- Film poster
- Directed by: William F. Claxton
- Screenplay by: Eric Norden
- Story by: Earle Lyon Eric Norden
- Produced by: Earle Lyon
- Starring: Forrest Tucker Mari Blanchard Wallace Ford
- Cinematography: Walter Strenge
- Edited by: Carl Pierson
- Music by: Paul Dunlap
- Color process: Black and white
- Production company: Regal Films
- Distributed by: 20th Century-Fox
- Release date: December 13, 1956;
- Running time: 76 minutes
- Country: United States
- Language: English
- Budget: $125,000
- Box office: $600,000 (estimated)

= Stagecoach to Fury =

1956 film by William F. Claxton

Stagecoach to Fury is a 1956 American Western film directed by William F. Claxton and starring Forrest Tucker and Mari Blanchard. It was the first film from Robert L. Lippert's Regal Films; the B picture unit of 20th Century Fox set up to provide second features shot in CinemaScope.

The film, with exteriors shot around Kanab, Utah was nominated for an Academy Award for black-and-white cinematography for the 29th Academy Awards.

Others in the film include Wallace Ford as Judge Lester Farrell, Ellen Corby as Sarah Farrell, Wright King as Ralph Slader, Paul Fix as Tim O'Connors, and Rodolfo Hoyos Jr., as Lorenzo Gracia.

==Plot==
A stagecoach with a mixed group of passenger en route to the town of Fury makes a stop at a layover. Upon arrival the passengers are held up. Lorenzo Garcia and his gang of bandidos capture and disarm the passengers, shooting one when he lowers his hands to stop his falling trousers. The two staff of the coaching stop are missing and presumed murdered. Garcia questions former Army captain Frank Townsend, now riding shotgun on the stagecoach, about the location of the shipment of Federal Government gold they expected to be on the stagecoach. After Garcia shoots and wounds Tim O'Connor, the stagecoach driver, to encourage Townsend to give him the information, Townsend reveals that the stagecoach was to remain at the layover until a wagon containing the gold shipment would arrive and transfer the cargo to the stage.

Garcia holds the prisoners as his band awaits the gold shipment.
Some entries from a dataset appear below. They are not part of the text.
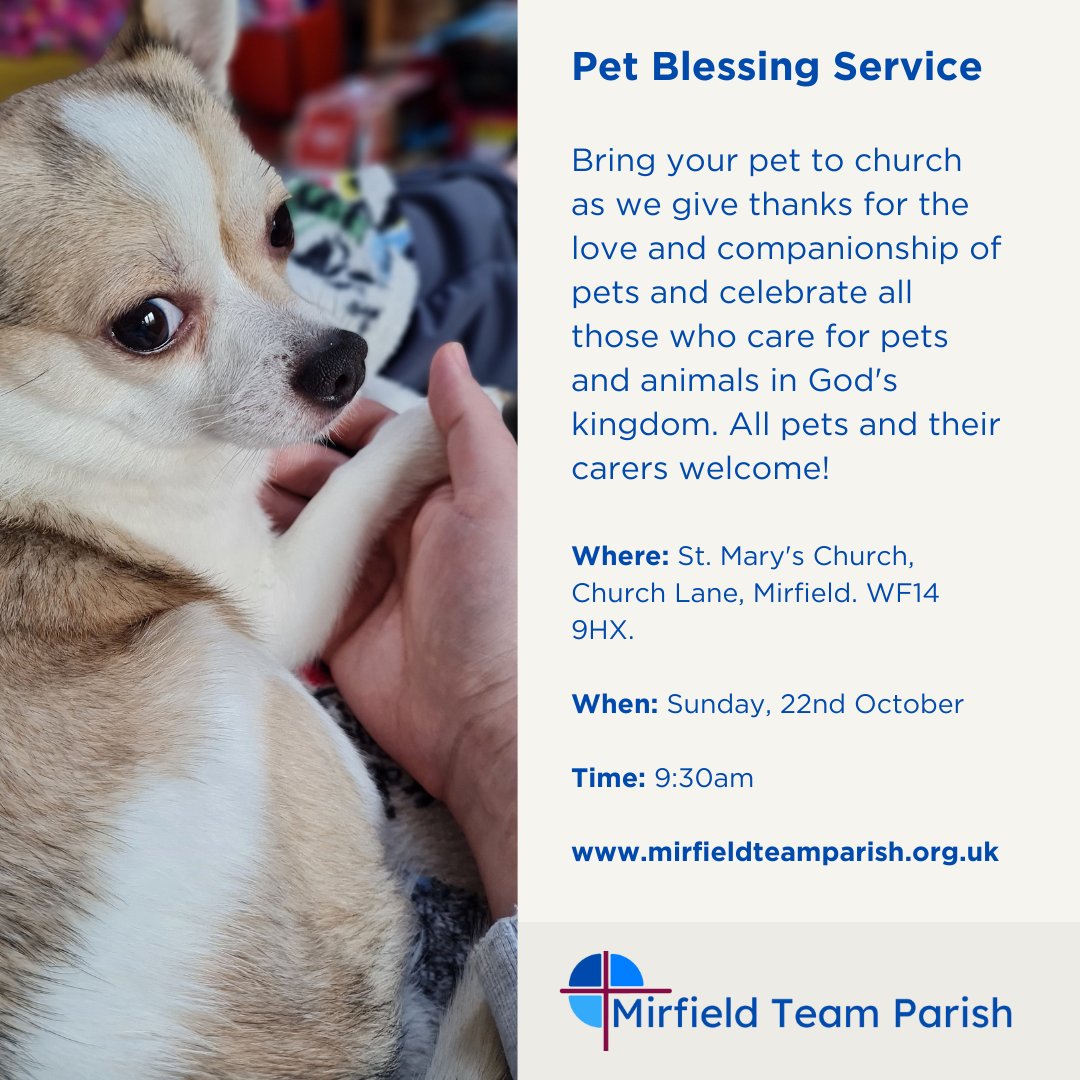 It's International Dog Day! 🐕

We'll be celebrating the companionship of our dogs - and all other pets - at our Pet Blessing Service on Sunday, 22nd October.

All pets (four legs, eight legs, no legs) and well-behaved owners (😉) welcome!

Looking forward to seeing you there!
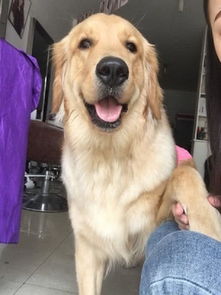 狗狗生理期是多久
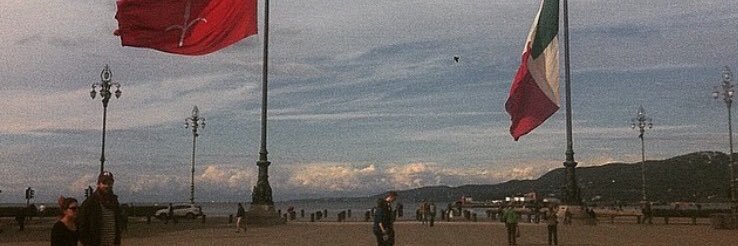 Helga Hejny banner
Among the surviving passengers are young gunslinger Ralph Slader, who the bandidos are eager to goad into a gunfight, a cowardly judge escaping the vengeance of criminals, a scheming woman who has arranged to rob and murder her husband, and Townsend's fiancée. (We learn the characters back stories through flashbacks.) Though Garcia explains the passengers will remain safe if they follow his orders, Townsend feels that Garcia would not want any witnesses to his robbery to be left alive. He plots with the judge to overpower the men guarding them so they can warn the wagon with the gold through gunfire. When Garcia and his men ride off to intercept the gold, Townsend and the judge succeed in capturing their guards, they warn the gold wagon, and Townsend rides off to stop Garcia from getting the gold. As Garcia and his men wage a gun battle with the men on the gold wagon, Townsend arrives and begins picking off Garcia's men from a nearby mountain. Eventually only Garcia is left, and Townsend kills him in a duel on horseback.

==Production==
Parts of the film were shot in the Gap in Utah.

==Reception==
The film grossed $250,000 in its first five months and Variety estimated it to earn $600,000.

==Quotes==
"Justice sometimes moves in strange company. Its judgement is not always empty. Though its sting be cruel."